Against Sordid Spectacles Founded on Epic Falsehoods: Gopalkrishna Gandhi’s The Undying Light

The Undying Light by Gopalkrishna Gandhi (Aleph, 2025)

While reading The Undying Light, I felt reminded of Gopalkrishna Gandhi’s fascination with smallness, which he made explicit, for instance, in an article he wrote a few years ago on Nirad C. Chaudhuri (or Nirad ‘Babu,’ as he called him). Much like Chaudhuri, Gopalkrishna Gandhi makes of himself a raconteur one could listen to as if on a small wayside platform, whence to simultaneously watch an entire nation, with its large questions and small scenes, pass by without too much sentimentality.

Early on, Gopalkrishna Gandhi informs of his more-than-passable familiarity with Ruskin Bond (a particular weakness of this reviewer’s too). In the autobiographical Scenes from a Writer’s Life, Bond conjures a most practical theory: “Race did not make me an Indian. Religion did not make me an Indian. But history did. And in the long run, it’s history that counts.” And memory becomes argument. It becomes a way of understanding that identity is less a list of private attributes, privileges, and misfortunes, and more an accumulation of acts, of time, of losses, and of repairs. One such moment appeared during Gopalkrishna Gandhi’s tenure as the Governor of West Bengal in Nandigram, as the left regime was on its way out. The writer’s humility is stoical, perhaps daringly radical. He does not seek to exonerate or flagellate. He humanizes the historicity of 2007—as much as he humanizes the Sino-Indian War of 1962, the Emergency, and the 2002 Gujarat riots. In all of these incidents of national importance—or exigency—Gopalkrishna Gandhi solicits us to rediscover ourselves, as though enshrining Hannah Arendt’s call to our deeper selves to recognize the accountability of things not done; and that includes profundity, wit, and critical temper, without being bitter.
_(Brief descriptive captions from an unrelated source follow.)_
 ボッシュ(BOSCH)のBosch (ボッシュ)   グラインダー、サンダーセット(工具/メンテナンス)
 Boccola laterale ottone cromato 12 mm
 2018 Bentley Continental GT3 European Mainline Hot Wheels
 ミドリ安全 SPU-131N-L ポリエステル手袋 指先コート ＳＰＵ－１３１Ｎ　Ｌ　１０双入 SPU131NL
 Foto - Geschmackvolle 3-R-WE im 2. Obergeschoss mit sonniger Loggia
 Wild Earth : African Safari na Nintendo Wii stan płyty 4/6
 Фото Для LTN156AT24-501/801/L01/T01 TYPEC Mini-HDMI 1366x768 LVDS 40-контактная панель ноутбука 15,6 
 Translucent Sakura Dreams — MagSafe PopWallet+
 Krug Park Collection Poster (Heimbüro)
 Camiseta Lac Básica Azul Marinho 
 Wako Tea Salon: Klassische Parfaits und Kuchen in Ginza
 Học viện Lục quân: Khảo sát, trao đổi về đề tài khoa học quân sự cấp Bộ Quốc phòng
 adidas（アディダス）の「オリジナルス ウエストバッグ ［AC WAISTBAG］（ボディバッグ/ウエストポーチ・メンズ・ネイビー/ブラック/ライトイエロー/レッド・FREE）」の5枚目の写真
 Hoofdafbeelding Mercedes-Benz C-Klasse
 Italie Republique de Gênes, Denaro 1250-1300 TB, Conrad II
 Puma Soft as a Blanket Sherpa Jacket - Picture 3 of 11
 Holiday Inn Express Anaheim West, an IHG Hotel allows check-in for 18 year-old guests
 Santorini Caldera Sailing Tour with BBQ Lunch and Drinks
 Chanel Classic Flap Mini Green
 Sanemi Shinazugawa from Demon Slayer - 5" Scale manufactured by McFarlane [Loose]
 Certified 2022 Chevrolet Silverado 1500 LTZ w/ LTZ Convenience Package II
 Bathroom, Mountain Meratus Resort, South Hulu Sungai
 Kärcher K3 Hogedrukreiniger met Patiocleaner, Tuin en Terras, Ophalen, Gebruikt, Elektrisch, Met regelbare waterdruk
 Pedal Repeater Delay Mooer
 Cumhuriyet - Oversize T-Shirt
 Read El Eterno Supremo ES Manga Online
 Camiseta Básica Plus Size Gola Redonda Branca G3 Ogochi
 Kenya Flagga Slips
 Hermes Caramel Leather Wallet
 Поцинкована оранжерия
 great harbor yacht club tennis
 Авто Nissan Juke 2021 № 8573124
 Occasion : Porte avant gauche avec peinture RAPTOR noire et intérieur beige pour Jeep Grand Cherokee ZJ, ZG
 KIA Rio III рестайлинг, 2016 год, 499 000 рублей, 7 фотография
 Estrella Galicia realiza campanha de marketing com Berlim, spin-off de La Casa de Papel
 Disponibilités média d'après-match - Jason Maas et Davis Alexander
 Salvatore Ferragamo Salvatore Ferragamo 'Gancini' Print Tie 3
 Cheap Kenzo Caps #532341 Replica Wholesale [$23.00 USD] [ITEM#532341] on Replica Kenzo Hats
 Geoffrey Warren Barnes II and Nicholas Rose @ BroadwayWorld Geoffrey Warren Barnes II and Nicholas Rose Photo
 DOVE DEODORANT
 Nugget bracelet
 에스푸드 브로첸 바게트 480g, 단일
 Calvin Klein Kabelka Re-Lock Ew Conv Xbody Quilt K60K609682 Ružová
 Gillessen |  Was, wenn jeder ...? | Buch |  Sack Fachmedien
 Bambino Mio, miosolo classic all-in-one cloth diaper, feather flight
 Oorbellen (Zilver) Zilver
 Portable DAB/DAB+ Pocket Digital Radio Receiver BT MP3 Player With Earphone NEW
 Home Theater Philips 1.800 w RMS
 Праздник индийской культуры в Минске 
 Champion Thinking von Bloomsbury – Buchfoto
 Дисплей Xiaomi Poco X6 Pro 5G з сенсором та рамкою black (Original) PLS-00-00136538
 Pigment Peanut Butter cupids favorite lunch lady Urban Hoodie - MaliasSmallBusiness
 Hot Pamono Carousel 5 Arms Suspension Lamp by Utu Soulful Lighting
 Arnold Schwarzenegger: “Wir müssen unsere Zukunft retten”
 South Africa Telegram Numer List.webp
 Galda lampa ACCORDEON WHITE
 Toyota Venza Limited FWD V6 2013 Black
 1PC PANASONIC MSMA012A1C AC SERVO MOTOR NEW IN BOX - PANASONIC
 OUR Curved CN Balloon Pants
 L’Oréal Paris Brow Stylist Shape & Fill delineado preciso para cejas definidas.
People firmly entrenched in the belief that they have ‘Gandhian’ credentials—khadi, charkha, memories of the freedom movement, familiarity with the contours of Gandhian journeys, a symbolic membership in the cliques that struggled for constitutional values, and the like—do not posses some form of distinguished citizenship in India; even though they may like to; even though we may want them to. For Gopalkrishna Gandhi, this is a glorious paradox of civic Indian life. This is juxtaposed to the problem of India’s material modernity in the face of the nation’s social—(or what is a less-fashionable notion nowadays, that of spiritual)—deficit. But that is no naïve elegy. Gopalkrishna Gandhi asserts that India did not “become independent to clutch at its founders’ shadows.” What he means is that India is not a Frankenstein; that its fallibilities or progress cannot be compared with the visions or feelings of its supposed makers. The nation is autonomous, even from its birth-givers. Like Gandhianism transcends Gandhi, India transcends its ideas, its ‘uneasy plurality,’ its intractable subservience to artificial intelligence, and tourism-friendly smart-island-building exercises among deforested peoples and species of the Global South.

Having heard Gopalkrishna Gandhi speak on the Constitution of India, I know him more as a voice of the invisible ‘spirit’ of the constitution than its ‘basic structure.’ It is in this light that we should understand his diacope: “A dog, a mere dog, showed Gandhi the truth in Dattapara.” William Shakespeare’s Richard III was willing to exchange his kingdom for a horse, in the throes of a lost battle. In Noakhali, as Mohandas K. Gandhi set out to transact an unsteady interregnum for the horrors of the Partition, like Yudhishthir, he was guided by a dog to a grisly truth—the skeletons and bodies of the departed etched on the soil. The ‘God’ that Gopalkrishna Gandhi hopes to be resurrected as ‘Truth’—of ‘Truth’ as ‘God’ in the meditations of Gurudev Rabindranath Tagore’s Mahatma—will manifest in the nation’s institutions in their ensuing battles against sordid spectacles founded on epic falsehoods.